ROMA – Lancia un appello al mondo accademico, perché «si ribelli» e intervenga «a tutela degli studenti». Riccardo Pacifici, presidente della Comunità ebraica romana, ha già preannunciato che denuncerà il professore negazionista e i suoi siti, ma chiede anche ai colleghi di agire per «evitare che certe persone possano entrare in contatto con gli studenti». Al telefono da Israele dice: «Il corpo docente non volti la faccia, prenda atto del problema e ci aiuti affinché l´Italia si doti di leggi che rendano reato il negazionismo».
Il caso di Caracciolo è tutt´altro che isolato: per Pacifici negli atenei italiani esisterebbe una «vera e propria rete negazionista», che unisce «alcuni docenti e studenti». La definisce una “joint venture” nel nome dell´odio per Israele e gli ebrei, alimentata, tra le altre cose, dalle esternazioni del presidente iraniano. Una rete antisemita che ha trovato nel web un alleato. Già nell´ottobre dello scorso anno, l´esponente della comunità ebraica aveva consegnato alla polizia postale un dossier, nel quale era riportato un nutrito elenco di siti con contenuti antisemiti e negazionisti. Le indagini sono ancora in corso, ma adesso, dice, «è arrivato il momento di parlarne». «Il problema della rete è che non ha controlli – sottolinea Pacifici. Il rischio, di fronte ad un sito aperto a Mosca, è che ci si possa scrivere di tutto. Bisogna intervenire dal punto di vista legislativo anche in questo senso». Le dichiarazioni di sdegno, che si sono susseguite nel corso della giornata, «non sono sufficienti», continua: «Non basta una condanna unanime. Bisogna agire sul profilo penale».

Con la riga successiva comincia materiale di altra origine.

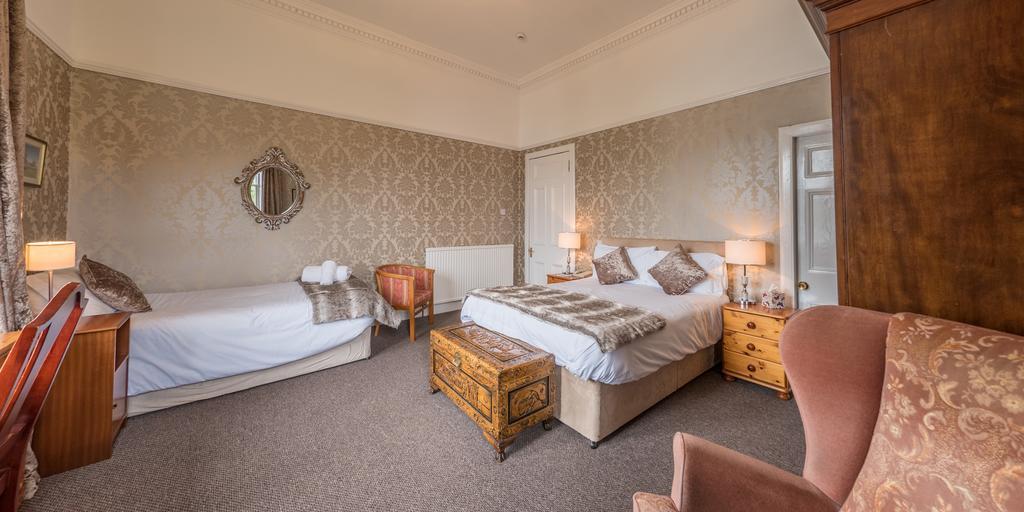 Craigard House Hotel Campbeltown Dış mekan fotoğraf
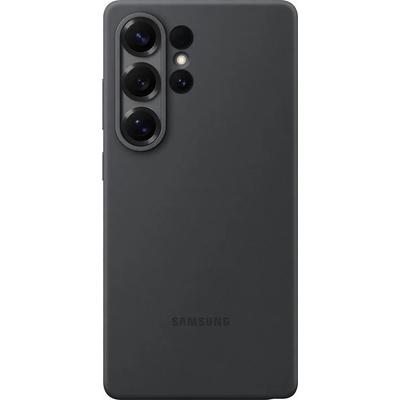 Samsung Galaxy S25 Ultra Silicone Case black (EF-PS938CBEGWW)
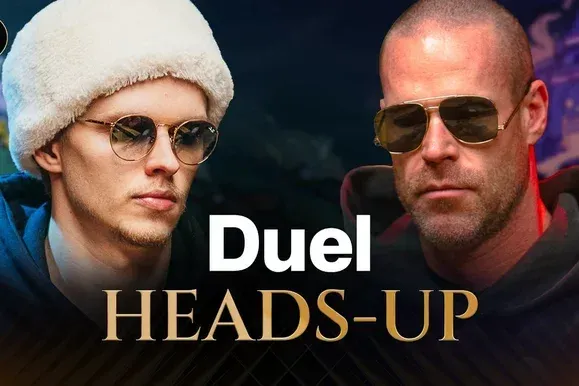 【DD扑克】3200万刀单挑:是神仙打架还是演给全世界的一出戏?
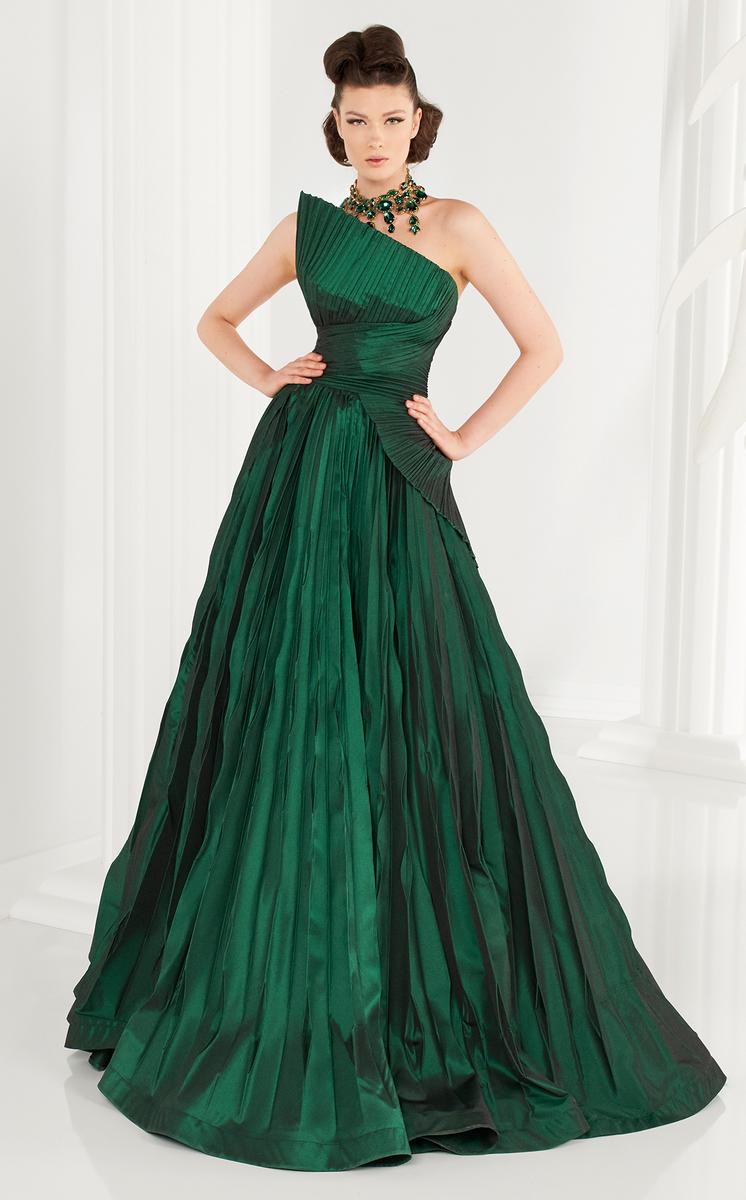 MNM Couture 2558 - Green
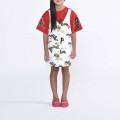 DRESS+T-SHIRT SET KENZO KIDS for GIRL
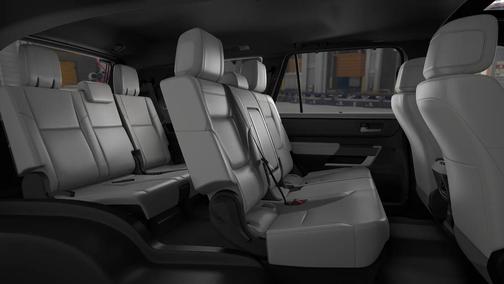 White 2026 Toyota Sequoia Limited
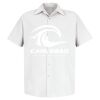 Men's Tall Specialized Short Sleeve Pocketless Work Shirt Thumbnail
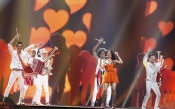 Eurovision 2012 Azerbaijan, Mandinga, Romania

«Non è la prima volta», ricorda David Meghnagi, docente all´università di Roma Tre e membro della Delegazione italiana presso la Task Force for International Cooperation on Holocaust Remembrance and Education. È già successo «all´università di Teramo e in Sardegna dove un professore aveva inserito negli annali del suo ateneo un articolo pieno di frasi antisemite e poi è stato espulso». E denuncia: «È grave che sia un docente a diffondere idee negazioniste anche per il ruolo che ricopre. Questo caso una questione etica». Anche perché aggiunge Meghnagi: «Quello che dice non ha nulla a che vedere con la libertà di pensiero né di parola: la sua è un´operazione pericolosa e spregiudicata nell´ambito del dibattito contemporaneo. È una falsificazione di fatti storici strumentale, che vuole colpire la comunità ebraica. Gli organi accademici devono affrontare la questione».